Martyria: l’umanità di chi ha dato la vita per il Signore
«Abbiamo celebrato l’umanità di Dio nei nostri confronti, nei confronti dell’umanità, ma anche nei confronti di tanti uomini e donne che ancora oggi danno la propria vita per rispondere alla chiamata del Signore». Così don Marco Pagniello, neo direttore dell’Ufficio missionario diocesano, ha spiegato il senso della ventiduesima Veglia per i missionari martiri intitolata “Martyria”, che ricorre annualmente il 24 marzo nell’anniversario dell’uccisione di monsignor Oscar Romero (vescovo di San Salvador), svoltasi lunedì sera presso la parrocchia di San Giovanni Battista e San Benedetto Abate: «La Chiesa – esordisce don Massimo Di Lullo, parroco – ha scelto questa data per ricordare i missionari che ogni anno, purtroppo, danno la loro vita per il Vangelo. Qui ci troviamo insieme per fare memoria della vita dei nostri fratelli e sorelle pregando per la Chiesa che, in tanti luoghi del mondo, è perseguitata e per noi che a nostra volta possiamo essere suoi testimoni nella realtà che viviamo».
La veglia di preghiera, alla quale hanno preso parte diverse comunità parrocchiali pescaresi, è stata contraddistinta dall’alternarsi di canti e preghiere interrotti dalla condivisione di due esperienze missionarie, a partire da quella che vede tre laici ed un sacerdote pescaresi, da circa due anni, operare nella diocesi albanese di Sapa assistendo e sviluppando la comunità cristiana locale: «L’Albania – racconta Maria Palma Di Battista, missionaria insieme a don Giovannni Cianciosi e Goffredo e Tiziana Leonardis – ha vissuto molte sofferenze scaturite dai 500 anni di dominazione dell’impero ottomano e da 50 anni di dittatura comunista e la fede, in questi secoli, si è mantenuta viva grazie a persone le quali, nella semplicità e nel coraggio della propria fede, hanno dato la vita per quello e per qualcuno a cui credevano. In questo anno e mezzo di presenza in Albania, ho così imparato a conoscere la storia dei martiri albanesi, laici e sacerdoti, che pur di mantenere la propria identità cristiana non rinunciavano a fare il segno della croce nonostante andassero in contro alla prigionia se non alla morte, del cui sangue è bagnata la terra albanese. Ed io con la mia presenza, insieme a don Giovanni, Goffredo e Tiziana, cerco di essere un segno per la popolazione albanese, per dirgli di non dimenticare come la Chiesa in quegli anni ha vissuto la propria fede e che se ora la si sta ancora vivendo, è comunque frutto di quel sangue che è dovuto scorrere. Vogliamo fare tutto questo essendo testimoni in mezzo a loro».

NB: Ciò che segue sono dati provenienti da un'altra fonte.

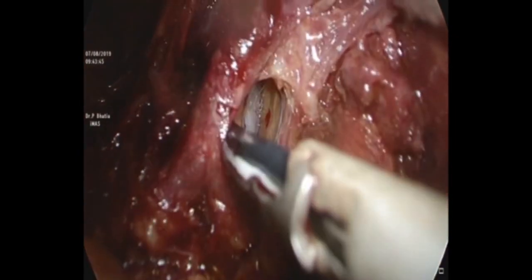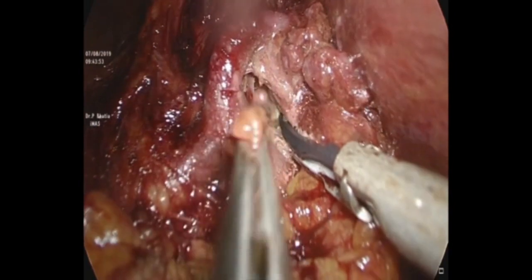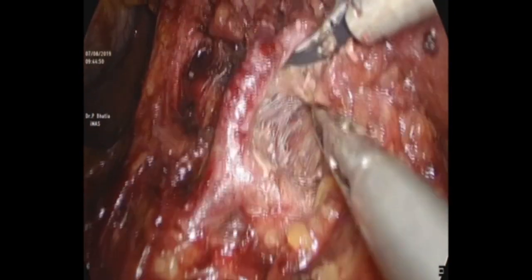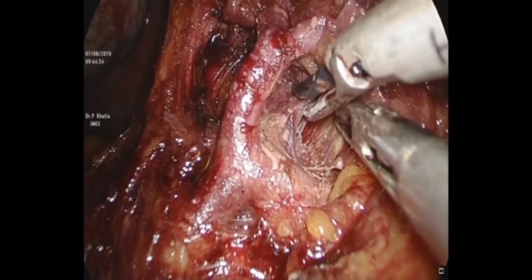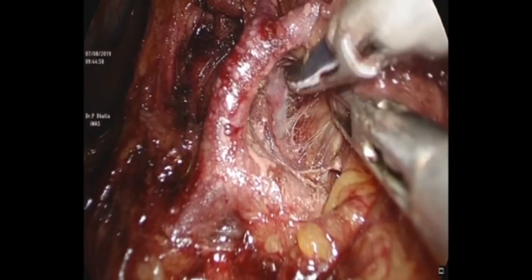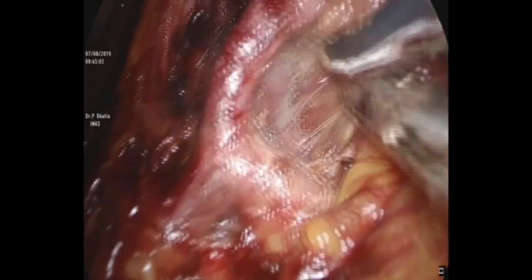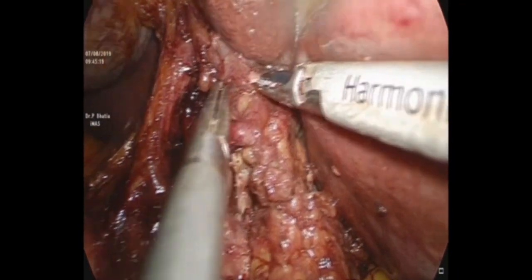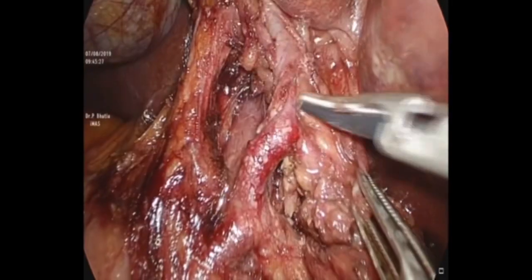We go into the retroportal vein area and take off all the fibro-fatty tissue there as well. The hilar plate is taken care of and all the structures are delineated in an anatomical fashion.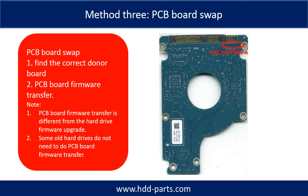Fixing hard drive PCB board, Method 3: PCB board swap. PCB board swapping includes two steps. Step 1: Find the correct donor PCB board. Step 2: PCB board firmware transfer.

Un momento toccante della celebrazione, è stato poi quello nel quale sono stati ricordati i nomi di alcuni grandi testimoni della fede che, recentemente o nel passato, hanno lasciato un segno in molte comunità: da Francesco Saverio a don Andrea Santoro, passando per Martin Luther King, Madre Teresa di Calcutta e Nelson Mandela. Un ricordo, questo, anticipato dall’accensione di quattro lumini in rappresentanza dei continenti americano, europeo, asiatico ed africano, nei quali lo scorso anno hanno perso la vita altri nuovi martiri della fede. Quindi, i fedeli intervenuti hanno ascoltato una seconda testimonianza, quella del comboniano Padre Domenico Guarino per 21 anni missionario in America Latina: «Un contadino dell’Honduras – racconta il religioso – diceva che le omelie di monsignor Romero erano come un catino di acqua salata: se le tue mani sono sane, quando le immergi non succede niente. Ma provate ad immergerle quando avete una ferita e proverete dolori atroci. La nostra società, oggi, ha molte ferite, molti martiri quotidiani e noi forse, come comunità cristiana dobbiamo diventare questo catino e testimoniare la verità».